How to use OCR Text Recognition to automatically transform images

By Apr 19, 2017

image-transformation

How to use OCR Text Recognition to automatically transform images

Websites of all kinds enhance user experience with images. In fact, images appear on almost every Web page. Some of the images are uploaded by users, some are proprietary, and some come from 3rd parties. Regardless of origin, many of these images include text elements, and sometimes you need to be aware of or handle that text.

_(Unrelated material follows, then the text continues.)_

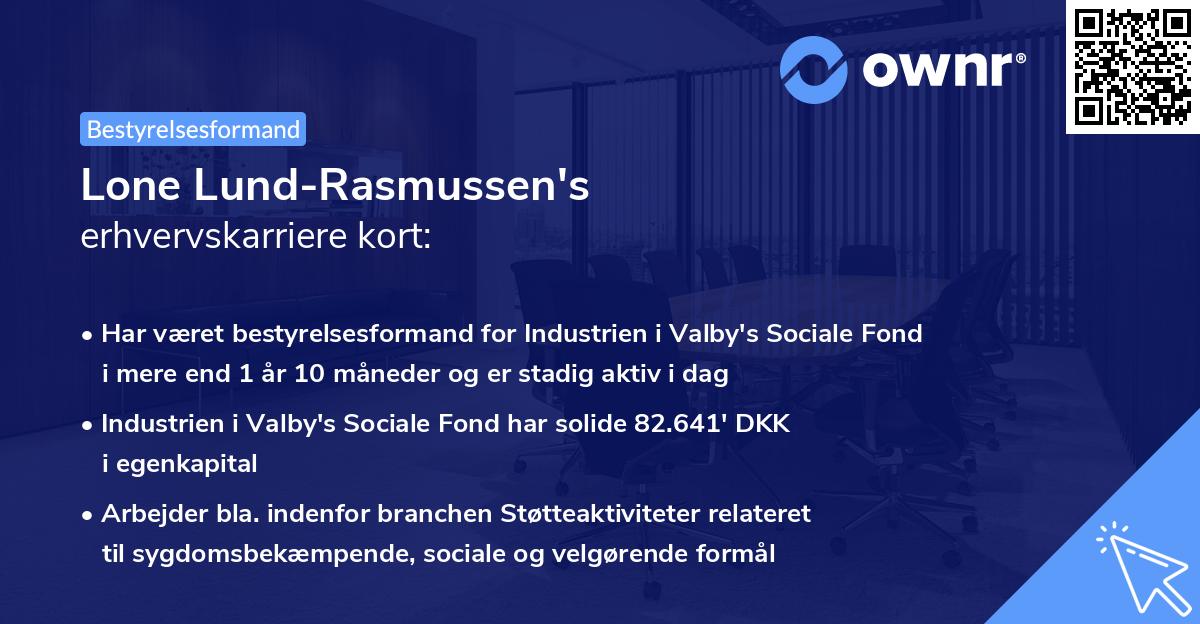 Lone Lund-Rasmussen's erhvervskarriere kort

For example, you might need to:

Blur or pixelate texts that you don't want displayed on your website
Cover text in an uploaded image with another image
Have an automatic way to extract the text content so you can programmatically analyze it or perform operations based on the detected text. For example, you might want to make sure uploaded images do not contain too much text, or maybe you want to tag your images based on keywords detected in them.

These are common needs, but it's a hassle to do these things manually, even for your own proprietary images, and not an option for images that are uploaded by your users for immediate display.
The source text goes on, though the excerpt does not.